When you’re a child, you can’t wait to become older. To reach the double digits. To turn 13, be a “real teenager” and watch PG-13 films; then 16, so you can finally drive. Before you turn 18 to become a “real adult,” you have to turn the highly romanticized 17. At 18, you get some of the responsibilities of an adult but are still considered a child, and God forbid, you take a sip of alcohol before you’re 21. Now I’m at the weird age of 19 where technically I’m still a teenager and not quite living it up in my 20s, though somehow I’m expected to act like an adult and try to find my own way in the world.
I’m not so sure I want that to happen. To cope, I turn to books. I find comfort in re-reading books I loved in middle school, whether those be actual middle-grade books or young adult books. Authors like Rick Riordan, Wendy Mass and Morgan Matson transport me into a simpler time. However, I realize that I’m no longer the target audience for these books, which is a hard pill to swallow.
Most middle-grade fiction is targeted toward the ages of 8 to 12, while young adult fiction lingers in the teenage years. It’s all overwhelming, and sometimes intimidating, once you throw in the emerging “new adult” for a reader who just wants a break from it all. Would it be too much to ask for a protagonist in college?
When I read about protagonists that are older than me, I pray that my life is as highly romanticized as theirs. On the other hand, when I read about protagonists that are younger than me, I almost feel superior to them because I presumably know more than they do. In reality, I’m not more mature or more knowledgeable; I still find it difficult to grasp the idea of growing up. It’s strange to read about a time that I can never get back. Although I would never want to relive high school, I still envy the 16- and 17-year-olds in my favorite young adult books. In my mind, they’re forever stuck at the age they are in their respective work of fiction. They don’t have to experience the real world and all its misfortunes.

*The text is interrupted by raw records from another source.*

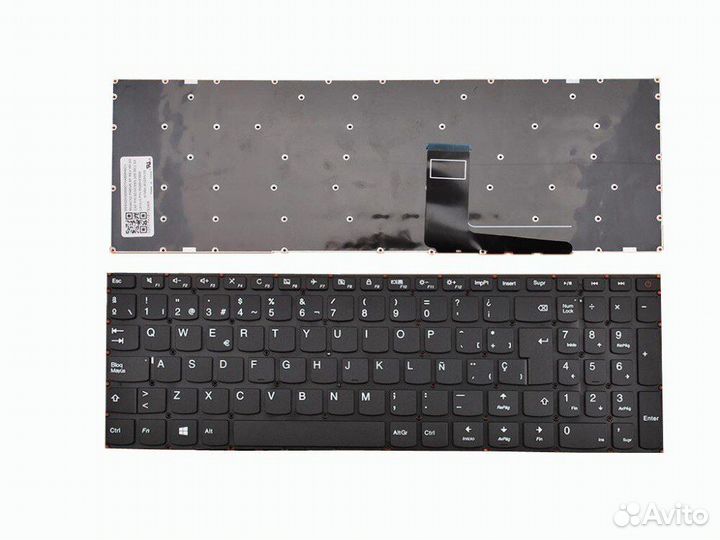 Клавиатура Lenovo IdeaPad 110, 110-15ACL, 110-15AS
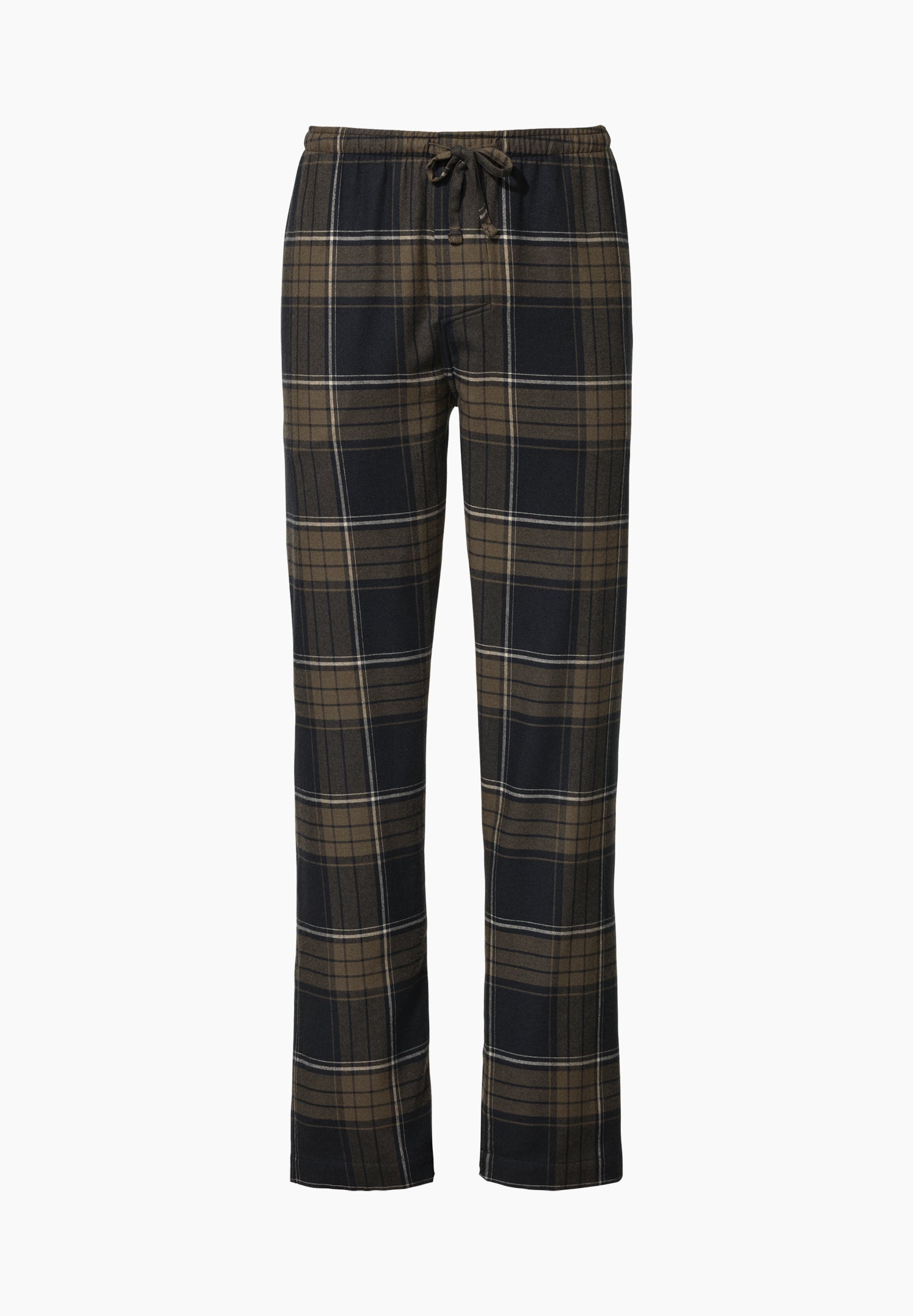 Cozy Flannel | Hose lang - navy check – Bild 5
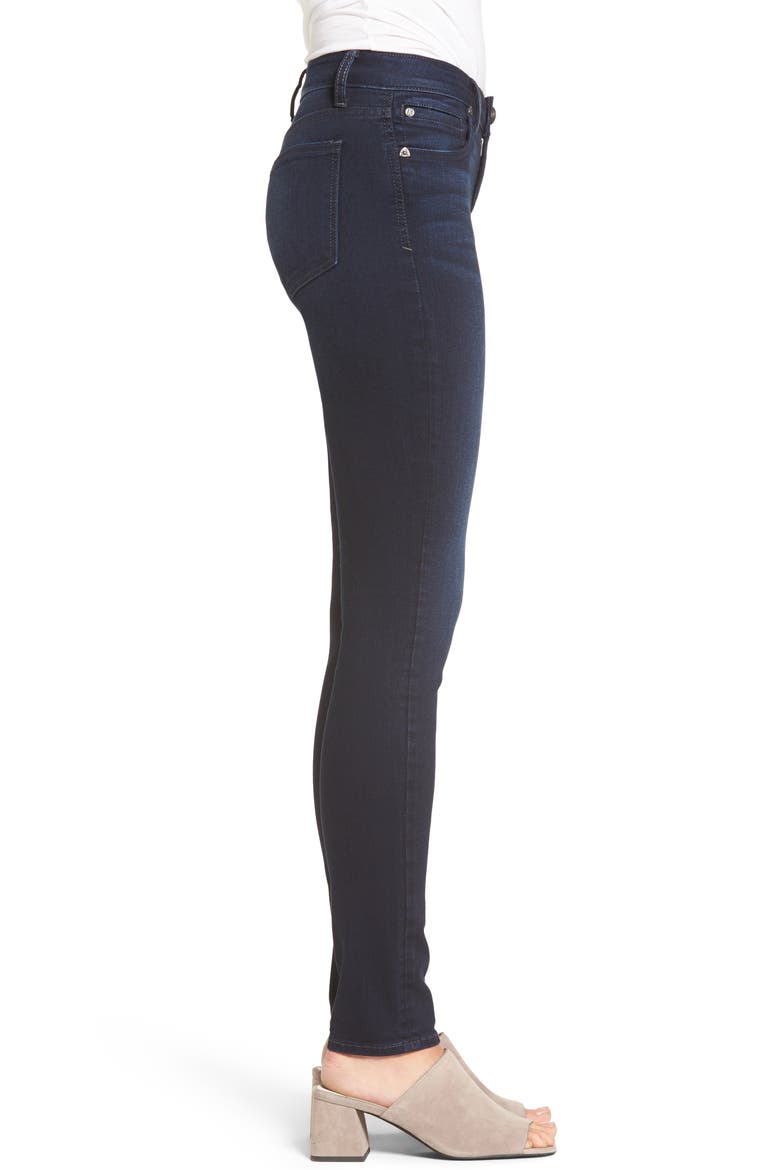 Diana Stretch Skinny Jeans, Alternate, color, GAINED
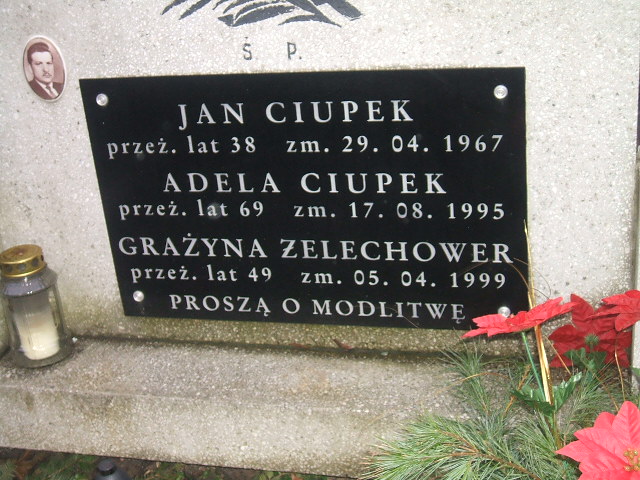 Grażyna Żelechower Kalisz św. Józefa Tyniecki 0302 - Grobonet - Wyszukiwarka osób pochowanych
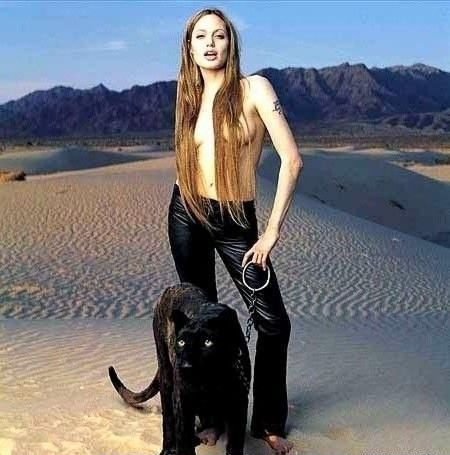 Angelina Jolie Desnuda. Foto - 97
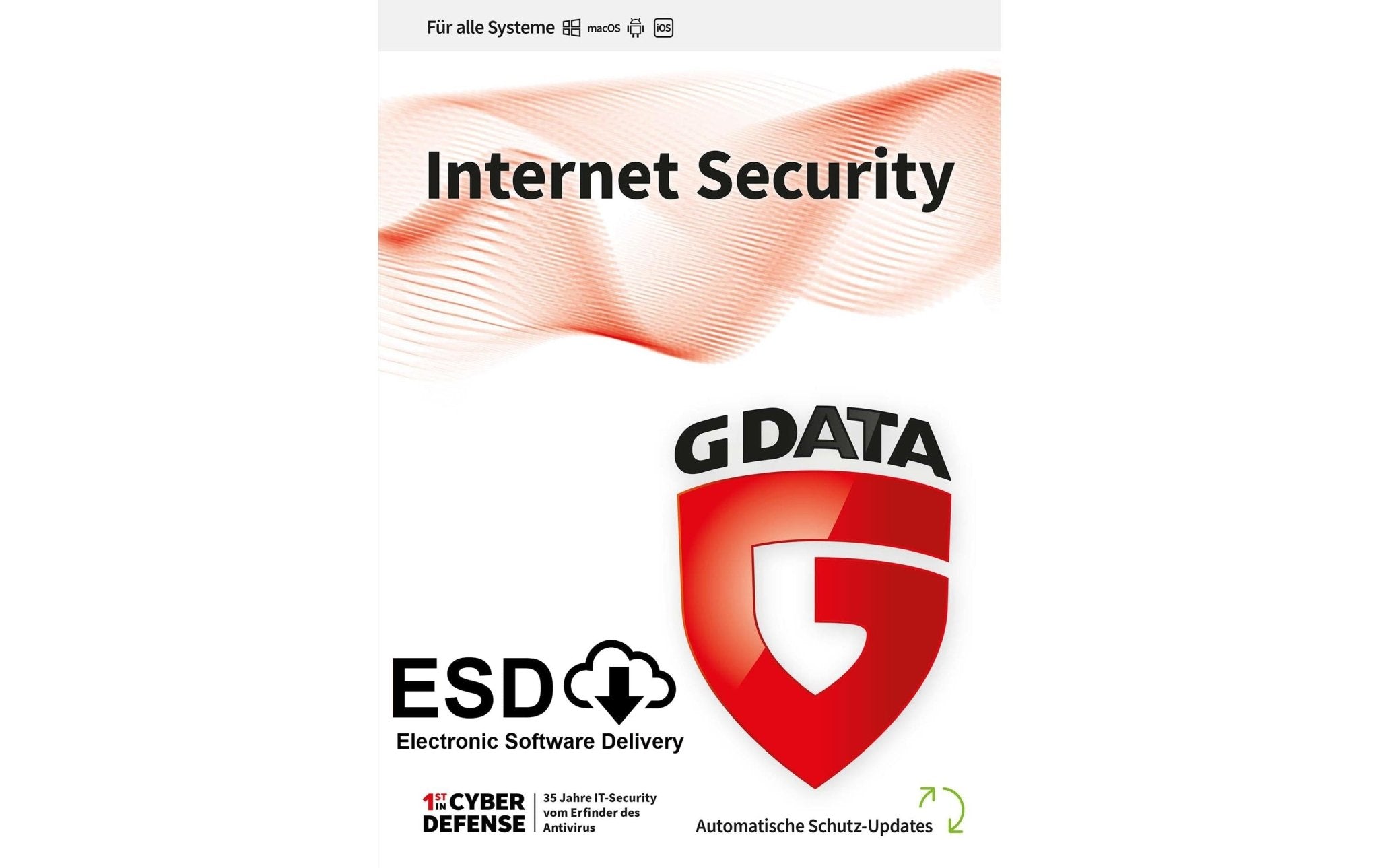 G DATA InternetSecurity Swiss Edition - eShoppen GmbH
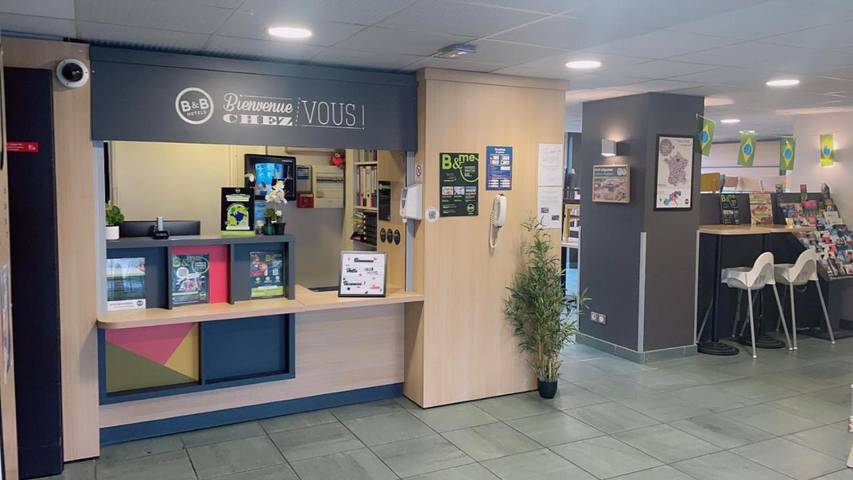 Hôtel pour 2 personnes, animaux acceptés à Creil - 4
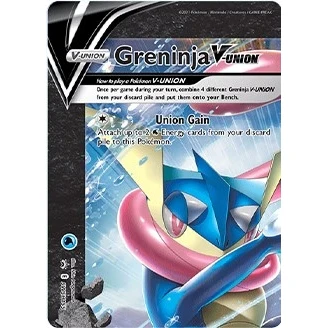 Greninja V-UNION - SWSH155 (SWSH155) (SWSH: Sword & Shield Promo Cards)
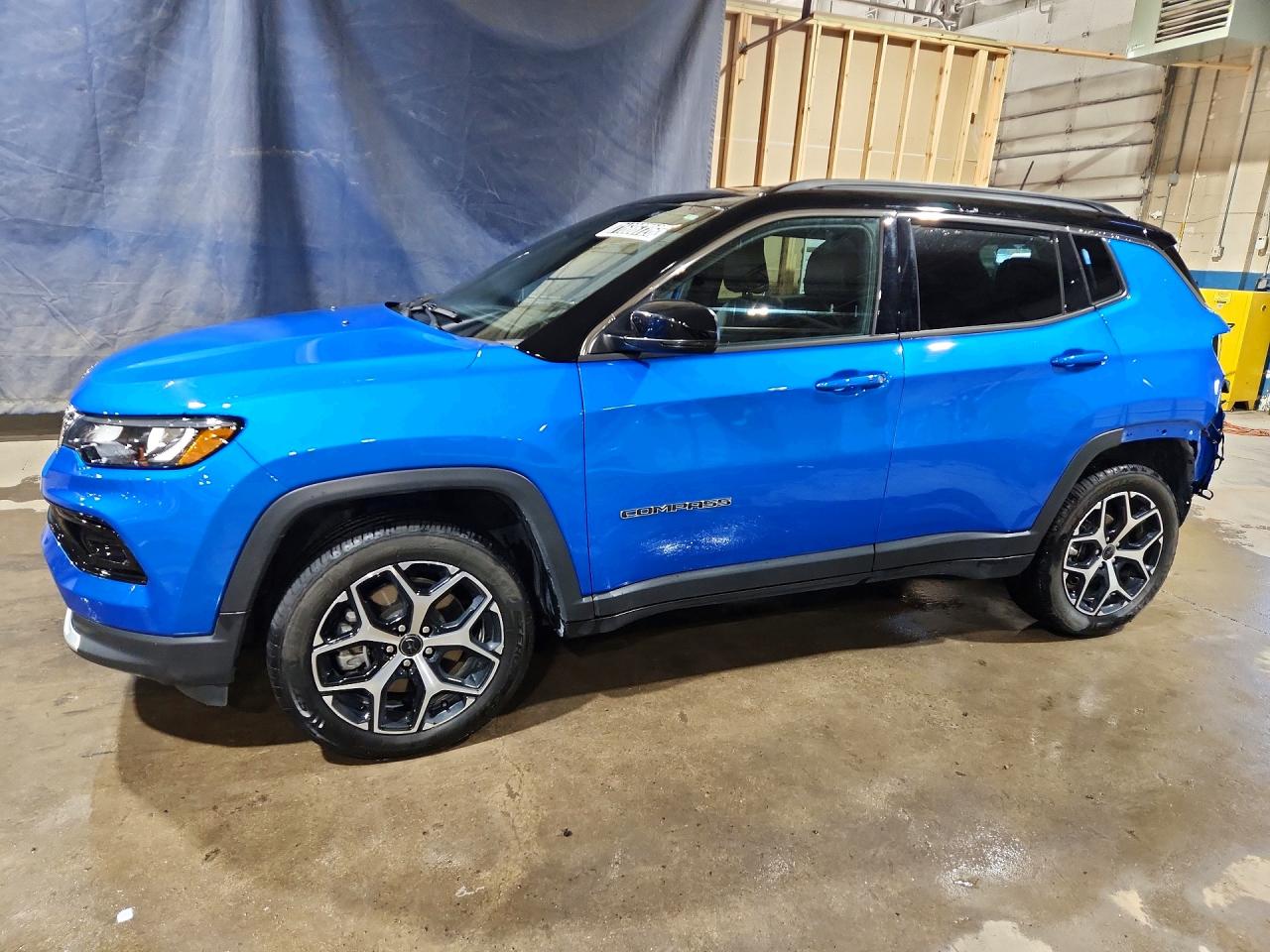 2025 JEEP COMPASS LIMITED | 3C4NJDCN2ST557418 | UPCARS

I can vicariously experience their adventures and friendships over and over again.
Earlier this year, I embarked on the daunting task of re-reading all seven Harry Potter books. Was I embarrassed by that fact? A little. Somehow, I equate how old I am with the types of books I read, and I expect others to do the same. I assume other people my age probably don’t re-read Harry Potter in their free time because we’re supposed to read educational and enlightening books as we grow older, right? I’m not discrediting middle-grade and young adult books — I’ve continued to learn valuable lessons while reading them. More importantly, themes in middle-grade and young adult fiction books, like love and friendship, don’t just disappear as you grow older.
Sometimes I feel like everyone around me is progressing in some monumental way, yet at other times I’m convinced we’re all dealing with our own shit. Adults in my life will applaud me for how “mature for my age I am,” but that doesn’t sound as rewarding as it did when I was a child. Adults in my life will look down upon my peers for literally acting their age and still look at me like I’m the poster child for a job well done. I’m not. I’m just like people my age. I find it so hard to allow myself to be and act in the present while coming to terms with my inevitable growth. Although I’m 19, I still feel 17, partly because I can’t comprehend myself being any older. The crazy thing about age is that you just keep getting older. I’ll listen to songs like “It’s Not the Same Anymore” by Rex Orange County, “Older” by Alec Benjamin or even “Never Grow Up” by Taylor Swift and mourn for my childhood that I can never relive. Still, I find ways to heal my inner child and deal with this constant liminal state.